Os embates entre as duas Associações são notórios, uma vez que a AAP já processou a ACPeds por declarações que associavam homossexualidade à pedofilia “(PLGBT)”, militância contra a adoção por homossexuais, casamento gay, apologia à terapias de reversão sexual, entre outras. A AAP classificou a ACPeds como “um grupo de ódio propagadores de desinformação”.

A resposta da American Academy of Pediatrics:
Os clínicos adotam cada vez mais uma abordagem de “afirmação de gênero” para crianças que são transgênero. Esta abordagem significa focar no que a criança diz sobre sua própria identidade de gênero e expressão, e permitindo-lhes determinar em quais formas de expressão de gênero se sentem confortáveis e autênticas.
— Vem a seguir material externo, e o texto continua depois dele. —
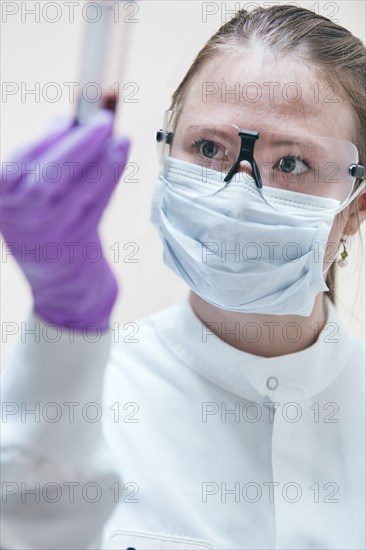 Female technician holding vial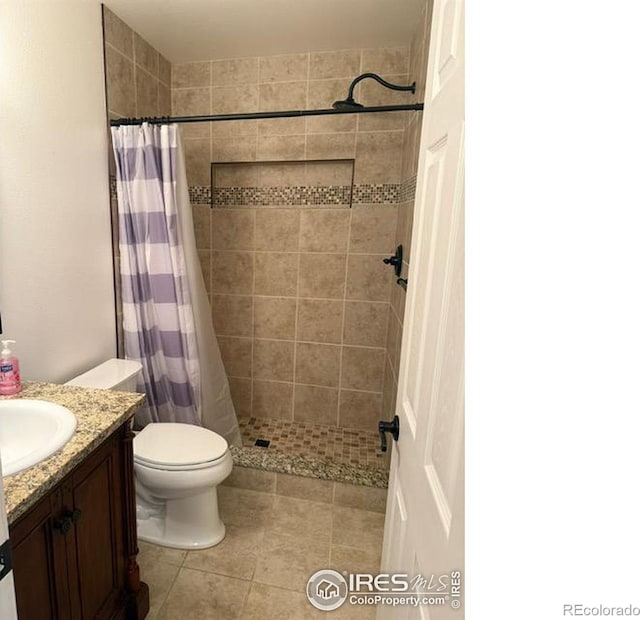 bathroom with tile patterned flooring, toilet, a stall shower, and vanity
A Academia Americana de Pediatria endossa o cuidado de afirmação de gênero, como descrito em sua declaração de política e relatório técnico sobre atendimento em consultório para jovens LGBTQ. Diretrizes de outras organizações profissionais importantes permitem ou endossar esta abordagem.

Apesar deste consenso, alguns grupos - incluindo uma minoria dos profissionais de saúde - continuam promovendo estratégias não-afirmativas: terapias reparativas ou transição de gênero atrasada. Terapia reparativa são tentativas de "corrigir" comportamentos expansivos de gênero, enquanto a transição atrasada proíbe a transição de gênero até que a criança atinja a adolescência ou até mais independentemente de seus sintomas de disforia de gênero.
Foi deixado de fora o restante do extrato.